Although HSBC’s Q3 earnings missed analysts’ estimates on Monday, the FTSE 100 heavyweight’s update made for good reading with the bank committing to a fresh $3bn buyback.
The share buyback helped lift HSBC shares marginally to 602p as the prospect of cash being returned to shareholders offset mixed earnings and revenue.
“A larger than expected share buyback seems to be doing a lot of the heavy lifting for HSBC today – making up for some less than positive details in its third quarter results,” said Russ Mould, investment director at AJ Bell.
HSBC’s profit before tax rose by $4.5bn to $7.7bn in Q3 supported by higher interest rates, however, the comparison is to Q3 2022 when HSBC recorded a one-off $2.3bn impairment on French retail banking operations, enhancing the most recent quarter’s comparables.

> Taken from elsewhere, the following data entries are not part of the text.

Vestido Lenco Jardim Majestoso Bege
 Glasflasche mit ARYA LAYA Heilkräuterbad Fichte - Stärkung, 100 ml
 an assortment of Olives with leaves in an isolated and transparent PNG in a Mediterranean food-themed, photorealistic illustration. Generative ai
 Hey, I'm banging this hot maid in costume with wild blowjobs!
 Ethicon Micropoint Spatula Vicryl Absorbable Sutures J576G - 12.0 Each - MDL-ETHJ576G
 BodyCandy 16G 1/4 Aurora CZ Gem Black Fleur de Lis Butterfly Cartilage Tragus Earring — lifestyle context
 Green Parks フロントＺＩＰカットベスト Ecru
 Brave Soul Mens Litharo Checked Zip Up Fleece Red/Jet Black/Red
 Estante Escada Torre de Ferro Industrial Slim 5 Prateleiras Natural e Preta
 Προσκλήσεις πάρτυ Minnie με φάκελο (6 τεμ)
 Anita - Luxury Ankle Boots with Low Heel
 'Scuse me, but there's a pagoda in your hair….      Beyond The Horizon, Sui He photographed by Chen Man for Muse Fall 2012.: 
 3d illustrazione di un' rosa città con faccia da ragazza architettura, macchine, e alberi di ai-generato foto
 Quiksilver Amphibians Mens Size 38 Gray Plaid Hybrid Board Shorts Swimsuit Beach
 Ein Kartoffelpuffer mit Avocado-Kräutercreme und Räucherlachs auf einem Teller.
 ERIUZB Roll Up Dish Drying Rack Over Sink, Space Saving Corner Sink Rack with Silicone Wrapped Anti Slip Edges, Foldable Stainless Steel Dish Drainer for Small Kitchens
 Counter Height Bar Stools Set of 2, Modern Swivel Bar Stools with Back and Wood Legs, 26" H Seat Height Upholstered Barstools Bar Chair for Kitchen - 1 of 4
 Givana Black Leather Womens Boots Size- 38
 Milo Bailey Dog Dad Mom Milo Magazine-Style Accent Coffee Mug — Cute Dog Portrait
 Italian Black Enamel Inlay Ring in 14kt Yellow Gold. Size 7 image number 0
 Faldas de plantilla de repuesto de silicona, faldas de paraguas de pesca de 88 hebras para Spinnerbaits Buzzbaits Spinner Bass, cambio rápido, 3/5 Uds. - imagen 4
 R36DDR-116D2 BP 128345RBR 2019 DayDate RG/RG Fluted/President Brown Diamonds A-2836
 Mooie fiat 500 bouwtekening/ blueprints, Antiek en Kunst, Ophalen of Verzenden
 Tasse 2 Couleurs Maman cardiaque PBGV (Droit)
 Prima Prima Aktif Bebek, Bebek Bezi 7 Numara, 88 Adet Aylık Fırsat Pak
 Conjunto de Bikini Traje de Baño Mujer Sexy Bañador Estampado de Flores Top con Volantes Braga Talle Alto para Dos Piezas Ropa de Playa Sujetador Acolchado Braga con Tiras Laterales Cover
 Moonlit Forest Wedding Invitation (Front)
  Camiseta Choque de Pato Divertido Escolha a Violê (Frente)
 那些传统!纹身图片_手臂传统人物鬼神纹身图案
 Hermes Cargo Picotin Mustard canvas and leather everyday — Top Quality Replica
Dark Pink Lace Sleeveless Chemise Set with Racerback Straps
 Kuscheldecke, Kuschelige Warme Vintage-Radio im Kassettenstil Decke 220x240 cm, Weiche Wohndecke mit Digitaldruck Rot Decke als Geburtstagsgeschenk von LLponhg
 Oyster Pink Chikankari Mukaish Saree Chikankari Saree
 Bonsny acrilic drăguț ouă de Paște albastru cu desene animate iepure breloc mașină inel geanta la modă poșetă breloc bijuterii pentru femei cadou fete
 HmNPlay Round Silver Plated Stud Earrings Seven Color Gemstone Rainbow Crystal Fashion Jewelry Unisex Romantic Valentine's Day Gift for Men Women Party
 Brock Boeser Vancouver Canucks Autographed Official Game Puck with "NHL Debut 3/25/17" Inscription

That said, HSBC’s operations produced a 40% jump in revenue to $16.2bn as group net interest margins increased to 1.70%.
The strength of HSBC’s business has allowed them to announce a fresh $3bn buyback – the only FTSE 100 bank to do so in the latest round of earnings updates.
“The UK’s largest listed bank is showing off its capital strength with a fresh $3bn buyback despite missing expectations. There’s some noise to look through in these results, largely the massive impairment charge taken in the comparable period last year, which is why the year-on-year profit growth levels are quite so extreme. Under the hood, costs were a little higher than expected and there’s a question mark on how they’ll evolve over 2024. But apart from that, performance was broadly where markets thought it would be,” said Matt Britzman, equity analyst at Hargreaves Lansdown.
“After seeing Standard Chartered take an unexpected impairment last week relating to its China assets, credit losses were under a microscope. At $1.1bn, the charge for expected credit losses was in line with expectations, with $500m relating to Chinese commercial real estate assets. There’s still a cloud of uncertainty hovering over the market, but investors will be happy to see no nasty surprises.”
“There wasn’t much in these results to upset the apple cart and the fresh buy-back is testament to a strong capital position. HSBC is the only major UK-listed bank to still be up year-to-date after Standard Chartered left the club last week. Yet the valuation still looks downbeat, paving the way for some impressive investor returns.”